In a previous post I asked the question ‘How do you build a future-ready workforce?’ As the roles and the way we work changes, how can an organisation ensure the workforce will thrive?

Along with Acme Inc., Australia’s Federal Government has been asking the same questions and recently released Australia’s Future Workforce? The report shares the view that the key drivers of changes in the job landscape in future are our ageing population, technology and automation, and an increasingly globalised and fragmented workforce.

Our Professional Challenge

As human resource professionals, I believe we should be open-minded and engaged internally and externally with the changing nature of even traditional roles.

Specifically, I am referring to not pulling a role definition out of the HR documents library and requesting ‘same again please.’ Instead, I am suggesting invoking a process that seeks input from the department head as to how and why that role and its function is changing. Reviewing recruitment advertisements for similar positions can also be a valuable input to be presented to managers.

The Evolving Workplace

History presents new specialist skills that are initially sourced externally and over time brought in-house if they become mainstream. However, in part because of the pace of technological change, I believe that this transition will decrease over the next decade, and the ‘on-demand’ workforce will substantially increase.

Evolving workplace

I’ve enjoyed sharing my views about the ‘on-demand’ workforce and how your organisation can make sure you get the most out of them. Many might think of this as simply ‘freelancing’ but this is a fast, evolving, agile new version of the professional services sector.

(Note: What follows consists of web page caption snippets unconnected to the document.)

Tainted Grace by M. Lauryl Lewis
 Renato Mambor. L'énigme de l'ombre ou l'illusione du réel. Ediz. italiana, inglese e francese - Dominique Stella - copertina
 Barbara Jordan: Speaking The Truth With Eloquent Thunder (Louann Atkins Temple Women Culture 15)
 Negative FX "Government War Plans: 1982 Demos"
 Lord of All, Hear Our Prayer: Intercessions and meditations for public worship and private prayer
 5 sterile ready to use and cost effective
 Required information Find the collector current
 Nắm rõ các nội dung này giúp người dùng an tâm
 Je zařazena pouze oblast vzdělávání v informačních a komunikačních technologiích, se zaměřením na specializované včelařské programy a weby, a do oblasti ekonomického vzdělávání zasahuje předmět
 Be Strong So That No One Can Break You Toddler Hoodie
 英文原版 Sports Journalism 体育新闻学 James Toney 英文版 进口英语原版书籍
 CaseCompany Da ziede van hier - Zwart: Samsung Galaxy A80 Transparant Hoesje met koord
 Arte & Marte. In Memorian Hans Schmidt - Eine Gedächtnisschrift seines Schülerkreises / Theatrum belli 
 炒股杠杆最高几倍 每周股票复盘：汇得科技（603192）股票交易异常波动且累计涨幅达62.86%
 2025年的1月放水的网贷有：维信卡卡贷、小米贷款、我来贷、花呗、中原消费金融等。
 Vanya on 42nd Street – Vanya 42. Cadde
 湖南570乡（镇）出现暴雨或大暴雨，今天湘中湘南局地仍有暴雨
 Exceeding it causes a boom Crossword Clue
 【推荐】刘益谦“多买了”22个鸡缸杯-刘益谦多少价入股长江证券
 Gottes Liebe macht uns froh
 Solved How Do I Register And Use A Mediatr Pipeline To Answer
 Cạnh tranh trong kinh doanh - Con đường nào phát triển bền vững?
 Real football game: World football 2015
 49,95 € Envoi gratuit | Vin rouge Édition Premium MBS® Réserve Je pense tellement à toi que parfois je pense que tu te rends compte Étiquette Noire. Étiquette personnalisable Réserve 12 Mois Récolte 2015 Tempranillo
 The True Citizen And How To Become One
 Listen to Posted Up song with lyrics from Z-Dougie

In their paper Five Trends that are Dramatically Changing Work and the Workplace   Knoll Workplace Research highlight the ‘coming shortage of knowledge workers, the continuing distribution of organisations and the availability of technologies and social collaboration tools’ will cause organisations to utilise the ‘on-demand’ workforce.

Providing ‘on-demand’ services are lucrative and rewarding personally for the individual. Therefore, I think it’s reasonable to assume this new sector will adapt before new skills become mainstream guaranteeing their availability.

A never ending cycle of transition and transformation

I would like to reassure the pessimists that on our path to 2025 you will not hear a technological big bang, rather, the quiet turning of the wheels of a cycle of transition and transformation providing the opportunity for the workforce to hone new skills.

What did an employee learn in the last year?

Employees keep a close eye on the changes in their domain. They will change employers if they perceive their career will stall without gaining new skills that are required.

An employee’s ability to increase their perceived value to an organisation and enjoy the feedback and recognition that brings has a direct relationship with job satisfaction.

Recent history provides reliable medium-term predictions

The pessimists I meet fear that people, can’t or won’t rise to the challenge of change and sit back and watch their roles be consumed by automation. In my opinion, that severely underestimates the tenacity of the human spirit to grow, learn and adapt.

Technology has been evolving since the wheel. Our skills have been developing ever since someone had to manufacture and fit that wheel.

When one occupation declines, it is replaced by another or perhaps by an enhanced variation that’s requires new skills.

To sum up…

Rather than a list of specific domain skills that will be in the greatest demand on our journey to 2025, I believe that those skills are in fact the willingness to accept and embrace change, being adaptive to new workplace structures that combine internal and external resources and a commitment to acquiring new knowledge.